* Given material:
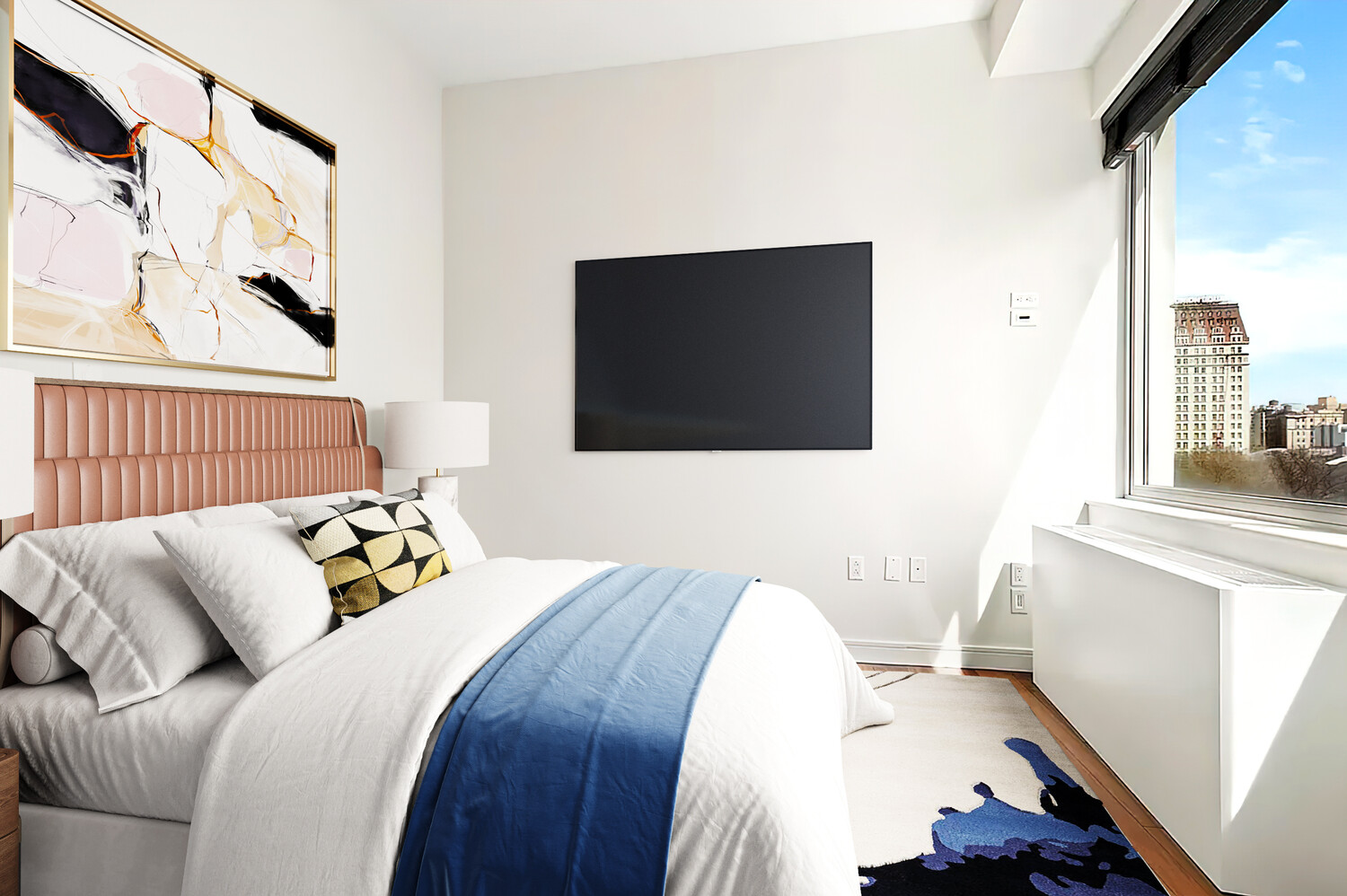 1 Irving Place, Unit 7B Manhattan, NY 10003 - Photo 6 of 8 a bed room with a bed and a flat screen tv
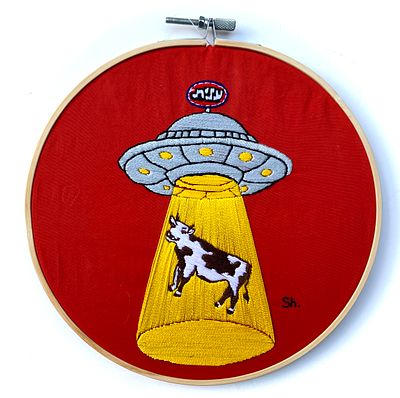 סווטה שלסט - ׳׳תאורית הקונספירציה׳׳ 2025. רקמה ידנית על בד ממוסגרת 
קוטר 20 ס׳׳מ 
חתומה ברקמה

* Task description: All that is needed is an exact copy of the lines from the line with "סווטה שלסט - ׳׳תאורית" through the end of the listing, both ends included, with no pictures.

* Written answer:
 סווטה שלסט - ׳׳תאורית הקונספירציה׳׳ 2025. רקמה ידנית על בד ממוסגרת 
קוטר 20 ס׳׳מ 
חתומה ברקמה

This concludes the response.